Setting up the translator's mic - Summer Course 1995.


In the bhajan hall with PB, Prof. Venkataraman, Mr. Venugopal of WorldSpace India, and others. Most probably this was the live broadcast for Convocation/Bday 2002 or Shivarathri 2003.

Since this post was short on text, I thought I would use this post as a place to elaborate a little on the other aspects of my journey with You which were not covered in the radiosai interview. So, here goes.

The previous post laid it on a bit thick with the compliments. As You say, "...you are not one but three - the one you think you are, the one others think you are, and the one you really are." And "munde munde matir bhinnah" - each one has his or her own opinions, ideas and world views. So, many people, including I, would feel that the previous post's characterization was too rosy - this rose has thorns, too.

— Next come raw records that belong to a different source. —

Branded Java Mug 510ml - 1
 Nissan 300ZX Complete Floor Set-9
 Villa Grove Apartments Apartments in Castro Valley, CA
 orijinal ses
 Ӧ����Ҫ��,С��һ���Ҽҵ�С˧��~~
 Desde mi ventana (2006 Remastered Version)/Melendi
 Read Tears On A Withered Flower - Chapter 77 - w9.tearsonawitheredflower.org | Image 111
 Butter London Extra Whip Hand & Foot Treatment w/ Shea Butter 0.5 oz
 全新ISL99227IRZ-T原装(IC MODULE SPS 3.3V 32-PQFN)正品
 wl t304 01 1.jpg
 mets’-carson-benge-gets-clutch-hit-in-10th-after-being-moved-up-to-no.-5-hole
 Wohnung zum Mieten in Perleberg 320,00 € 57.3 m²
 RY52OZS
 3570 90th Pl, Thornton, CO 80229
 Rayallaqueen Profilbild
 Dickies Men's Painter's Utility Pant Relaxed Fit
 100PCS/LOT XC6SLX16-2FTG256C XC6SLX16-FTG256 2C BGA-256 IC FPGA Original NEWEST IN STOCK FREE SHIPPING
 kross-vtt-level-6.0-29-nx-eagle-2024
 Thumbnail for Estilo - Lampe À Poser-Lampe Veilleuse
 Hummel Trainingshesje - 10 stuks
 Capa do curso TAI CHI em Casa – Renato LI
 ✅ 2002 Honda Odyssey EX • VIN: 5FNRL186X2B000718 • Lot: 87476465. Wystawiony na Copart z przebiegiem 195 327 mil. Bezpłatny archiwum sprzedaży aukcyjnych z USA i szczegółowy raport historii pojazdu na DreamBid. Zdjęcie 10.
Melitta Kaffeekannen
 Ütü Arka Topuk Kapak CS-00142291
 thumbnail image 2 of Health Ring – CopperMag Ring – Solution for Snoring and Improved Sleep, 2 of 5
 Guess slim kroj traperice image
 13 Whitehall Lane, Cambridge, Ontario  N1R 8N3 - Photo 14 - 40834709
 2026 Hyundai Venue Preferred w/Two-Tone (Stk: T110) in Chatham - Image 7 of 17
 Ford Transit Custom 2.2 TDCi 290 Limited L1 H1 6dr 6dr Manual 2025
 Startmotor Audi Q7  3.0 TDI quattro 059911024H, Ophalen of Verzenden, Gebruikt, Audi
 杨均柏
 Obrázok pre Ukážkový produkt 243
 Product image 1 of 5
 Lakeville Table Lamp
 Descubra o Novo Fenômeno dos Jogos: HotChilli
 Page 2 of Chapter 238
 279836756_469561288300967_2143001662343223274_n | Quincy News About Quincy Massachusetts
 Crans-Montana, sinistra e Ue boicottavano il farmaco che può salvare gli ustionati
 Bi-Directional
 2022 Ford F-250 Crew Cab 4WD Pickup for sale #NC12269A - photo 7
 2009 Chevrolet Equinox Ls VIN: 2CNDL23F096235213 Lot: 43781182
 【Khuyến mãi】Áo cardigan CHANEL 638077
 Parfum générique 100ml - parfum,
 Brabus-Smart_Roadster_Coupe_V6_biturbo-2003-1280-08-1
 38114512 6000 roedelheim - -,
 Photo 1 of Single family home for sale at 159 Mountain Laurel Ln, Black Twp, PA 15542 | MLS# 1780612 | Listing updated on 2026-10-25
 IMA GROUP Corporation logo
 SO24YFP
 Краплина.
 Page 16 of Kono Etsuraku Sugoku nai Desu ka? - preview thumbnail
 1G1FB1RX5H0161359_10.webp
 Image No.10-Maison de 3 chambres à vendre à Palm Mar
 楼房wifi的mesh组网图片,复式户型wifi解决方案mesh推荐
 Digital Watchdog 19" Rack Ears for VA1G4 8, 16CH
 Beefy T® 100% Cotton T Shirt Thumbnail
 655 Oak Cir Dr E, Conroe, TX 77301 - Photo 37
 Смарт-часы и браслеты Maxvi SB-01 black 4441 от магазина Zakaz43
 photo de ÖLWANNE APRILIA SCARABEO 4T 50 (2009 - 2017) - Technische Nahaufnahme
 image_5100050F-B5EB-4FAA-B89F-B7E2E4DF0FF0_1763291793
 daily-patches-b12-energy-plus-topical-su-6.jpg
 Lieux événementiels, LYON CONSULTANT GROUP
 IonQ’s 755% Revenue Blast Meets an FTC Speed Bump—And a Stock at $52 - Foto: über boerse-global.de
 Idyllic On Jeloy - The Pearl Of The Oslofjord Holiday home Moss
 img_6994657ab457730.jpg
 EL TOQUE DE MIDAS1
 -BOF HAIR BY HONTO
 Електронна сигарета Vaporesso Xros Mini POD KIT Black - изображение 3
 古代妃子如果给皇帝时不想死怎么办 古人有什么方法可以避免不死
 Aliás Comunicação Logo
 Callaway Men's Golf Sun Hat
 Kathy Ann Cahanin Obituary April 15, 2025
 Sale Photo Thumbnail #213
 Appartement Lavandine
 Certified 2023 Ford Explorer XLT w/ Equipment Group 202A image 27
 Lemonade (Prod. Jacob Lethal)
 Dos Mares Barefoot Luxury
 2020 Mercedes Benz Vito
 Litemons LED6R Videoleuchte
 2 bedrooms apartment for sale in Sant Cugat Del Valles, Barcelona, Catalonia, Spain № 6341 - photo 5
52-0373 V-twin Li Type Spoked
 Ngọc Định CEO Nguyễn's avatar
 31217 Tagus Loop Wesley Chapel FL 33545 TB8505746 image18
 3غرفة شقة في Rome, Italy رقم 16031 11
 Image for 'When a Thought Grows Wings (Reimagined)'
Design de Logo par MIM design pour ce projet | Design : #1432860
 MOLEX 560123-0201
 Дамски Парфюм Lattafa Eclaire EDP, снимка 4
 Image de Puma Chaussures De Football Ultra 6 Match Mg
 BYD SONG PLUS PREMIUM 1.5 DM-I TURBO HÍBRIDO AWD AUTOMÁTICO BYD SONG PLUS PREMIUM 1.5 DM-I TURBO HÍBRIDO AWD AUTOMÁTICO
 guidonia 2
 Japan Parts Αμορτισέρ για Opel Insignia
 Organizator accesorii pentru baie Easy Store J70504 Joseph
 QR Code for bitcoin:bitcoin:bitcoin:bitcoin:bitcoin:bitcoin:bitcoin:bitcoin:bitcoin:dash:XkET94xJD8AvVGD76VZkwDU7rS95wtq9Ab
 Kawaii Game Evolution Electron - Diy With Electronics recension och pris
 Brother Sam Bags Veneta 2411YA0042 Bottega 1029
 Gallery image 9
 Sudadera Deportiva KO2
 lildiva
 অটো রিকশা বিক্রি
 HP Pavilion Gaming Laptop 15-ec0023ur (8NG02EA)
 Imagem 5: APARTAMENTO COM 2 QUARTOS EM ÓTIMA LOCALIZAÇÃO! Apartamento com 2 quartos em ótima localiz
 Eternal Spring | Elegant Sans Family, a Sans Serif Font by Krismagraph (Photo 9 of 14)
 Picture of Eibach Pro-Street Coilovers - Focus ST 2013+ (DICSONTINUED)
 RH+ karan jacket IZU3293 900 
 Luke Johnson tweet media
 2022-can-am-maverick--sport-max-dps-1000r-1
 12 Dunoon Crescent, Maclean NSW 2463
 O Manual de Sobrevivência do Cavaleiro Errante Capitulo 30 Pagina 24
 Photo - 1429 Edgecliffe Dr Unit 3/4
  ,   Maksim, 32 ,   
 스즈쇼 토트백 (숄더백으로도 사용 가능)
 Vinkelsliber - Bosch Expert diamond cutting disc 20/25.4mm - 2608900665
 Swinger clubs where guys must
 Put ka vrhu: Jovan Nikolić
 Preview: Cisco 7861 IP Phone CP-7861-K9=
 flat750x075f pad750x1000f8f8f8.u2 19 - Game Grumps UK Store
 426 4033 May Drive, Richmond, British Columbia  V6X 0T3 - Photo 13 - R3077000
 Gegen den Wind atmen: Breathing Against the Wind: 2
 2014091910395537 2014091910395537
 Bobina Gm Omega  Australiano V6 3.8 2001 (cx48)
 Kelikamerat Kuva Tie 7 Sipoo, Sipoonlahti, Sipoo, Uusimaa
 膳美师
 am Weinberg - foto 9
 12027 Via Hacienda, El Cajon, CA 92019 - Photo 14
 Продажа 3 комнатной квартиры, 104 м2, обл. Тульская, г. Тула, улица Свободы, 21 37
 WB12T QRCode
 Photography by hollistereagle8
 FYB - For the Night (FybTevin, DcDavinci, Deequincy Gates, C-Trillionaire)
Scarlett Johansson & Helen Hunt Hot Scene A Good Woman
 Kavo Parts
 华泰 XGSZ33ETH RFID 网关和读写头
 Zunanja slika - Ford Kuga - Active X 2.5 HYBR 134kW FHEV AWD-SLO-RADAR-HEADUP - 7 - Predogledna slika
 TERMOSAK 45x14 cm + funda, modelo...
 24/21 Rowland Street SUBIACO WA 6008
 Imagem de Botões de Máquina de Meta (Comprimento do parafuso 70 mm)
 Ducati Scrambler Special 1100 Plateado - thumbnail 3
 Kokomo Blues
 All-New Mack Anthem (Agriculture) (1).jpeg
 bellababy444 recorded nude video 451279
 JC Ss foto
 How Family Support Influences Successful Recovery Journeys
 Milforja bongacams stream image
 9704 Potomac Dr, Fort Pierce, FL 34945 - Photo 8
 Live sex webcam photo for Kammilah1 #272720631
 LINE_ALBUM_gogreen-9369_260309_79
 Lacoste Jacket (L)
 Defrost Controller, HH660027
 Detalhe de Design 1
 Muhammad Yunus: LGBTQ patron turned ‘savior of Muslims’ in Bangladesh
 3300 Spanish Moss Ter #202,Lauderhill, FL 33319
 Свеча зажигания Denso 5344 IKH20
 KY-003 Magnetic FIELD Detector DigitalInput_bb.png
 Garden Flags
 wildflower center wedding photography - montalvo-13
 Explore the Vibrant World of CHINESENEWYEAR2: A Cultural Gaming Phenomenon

One of the lessons I had learnt (maybe by the time I finished my undergraduate studies?) was to not 'hero-worship' people, or put them on a pedestal. All of us are human beings. If we had no defects whatsoever, we would not be here on Earth, which is our School. A better approach would be to appreciate the good qualities of everyone, and try to not fixate on their faults. This applies to me too, so I should not self-criticize too much, either, but it would be helpful to know one's defects so that one can work towards correcting them.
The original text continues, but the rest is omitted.